Perro de Cal (BL)
¿Trastorno psicótico o un monstruo real? Para que algo exista... primero hay que creer.
Un chico de pueblo acusado de cazar a un nahual. Un estudiante de trabajo social que no sabe si creerle o salvarlo.
Cristóbal solo quería cumplir sus prácticas de servicio social en el anexo Jacaranda. Estudiante de trabajo social y experto en esconder el cansancio, creía tener su vida bajo control. Pero cuando le asignan el expediente de Valente, todo se desmorona.
Valente no es un paciente cualquiera. Lleva dos años internado por un crimen que insiste en no haber cometido: la decapitación de un perro en los maizales de San Blas Pucuaraní. Su versión es descabellada, imposible, absurda: asegura haber matado a un nahual.
Y sin embargo, cuando Cristóbal lo mira a los ojos, no ve a un asesino.

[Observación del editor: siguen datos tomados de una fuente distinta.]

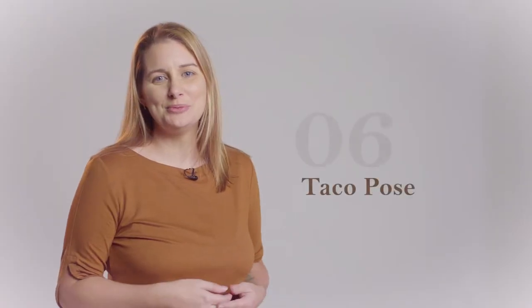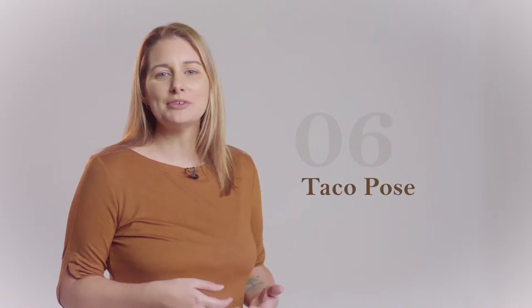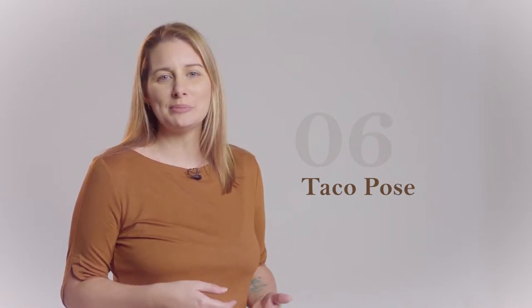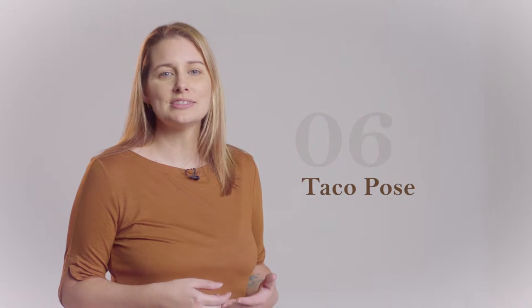Hello and welcome to our newborn photography safety series brought to you by Stand In Baby. My name is Sandra Moffat, and joining me throughout this series is well-respected neonatal nurse Anne-Marie Fieri, who will be advising us on the essentials to safely working with newborns in a studio environment.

Ve a alguien que necesita desesperadamente ser creído.
Entre sesiones de terapia, silencios incómodos y miradas que se sostienen un segundo de más, Cristóbal descubre que el caso de Valente no es solo un expediente. Es una pregunta incómoda: ¿qué harías si la verdad que todos niegan es la única que puede salvar a la persona que estás empezando a amar?